In 2013, I resigned from being a lead pastor and spent one year out of pastoral ministry. During that time, I worked for a mission agency that plants churches among the poor. The Lord used the incredible men and women in that ministry to continue to challenge and change my heart. They wrote and spoke boldly about how the evangelical church too often overlooks, stereotypes and mistreats the poor—and how such prejudices can be engrained in systems and institutions. They included women in ministry in remarkable ways (in a particularly challenging context)—and did so as conservative, Calvinistic complementarians! They did not take themselves seriously but took the Gospel very seriously. They did not fear man but asked hard questions of influential people. The Lord used them to shake my heart and mind and to stir me to think differently. I am so thankful for those men and women. I am so sorry for the ways I’ve failed so many.

In 2015, I re-entered the pastorate as an associate pastor—I entered a changing man. There are innumerable things God used to change my heart over the previous decade. Too many to list. But I want to mention a few germane to the SBC issue and the role you played.

At one point, I attended a conference at which several Southern Baptist leaders spoke. One of the men, a man I admire, shared some things about his personal policies regarding interactions with women, admonishing the pastors and seminarians to adopt them. I disagreed with those policies but did not think much of it. After the talk, a sister sitting next to me commented, “I was hurt several times by what he said.” I didn’t follow-up on that comment immediately, but I tucked it away in my heart for meditation.

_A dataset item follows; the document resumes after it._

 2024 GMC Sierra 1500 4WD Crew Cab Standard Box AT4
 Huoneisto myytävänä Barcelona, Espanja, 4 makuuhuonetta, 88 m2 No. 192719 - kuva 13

Why did I disagree but remain unoffended, while this sister was “hurt”? As I mulled over that question, I began to see what his statements (unintentionally) communicated to women about women. I understood why she was hurt. I wondered how often my ignorant, unthoughtful (though well-intentioned) comments and actions hurt the sisters in the churches I pastored. I resolved to listen, ask, listen, ask, listen more than I commented, assumed and acted in regards to women in the church.

As the #MeToo movement rose, I listened. Twenty years earlier, I would have responded to #MeToo as a calloused, knee-jerk (emphasis on jerk), Rush Limbaugh conservative. I would have mocked and minimized the movement. But now I read and listened and wept. I wept. Reading the stories of complete strangers, I recognized the stories of women that I knew, that I loved. I wept. Reading the stories of how these women were treated, I saw the world that my mom grew up in, that my wife lived in, that my daughter would enter. I wept.

I remember the first time I saw your name on Facebook. You were being (rightly) heralded as a hero for your role as the first woman to speak publicly against Larry Nassar, the former Michigan State University and USA Gymnastics doctor, accusing him of sexual assault. Christians celebrated you and your victim impact statement as a model of Christian boldness and grace—which it was.

As I read your statement—which is worthy of all the praise it received—this sentence floored me: “My advocacy for sexual assault victims, something I cherished, cost me my church and our closest friends three weeks before I filed my police report.” I wondered how on earth this could be.

My heart broke again when I read your interview with Christianity Today, particularly these paragraphs:

Church is one of the least safe places to acknowledge abuse because the way it is counseled is, more often than not, damaging to the victim. There is an abhorrent lack of knowledge for the damage and devastation that sexual assault brings. It is with deep regret that I say the church is one of the worst places to go for help. That’s a hard thing to say, because I am a very conservative evangelical, but that is the truth. There are very, very few who have ever found true help in the church.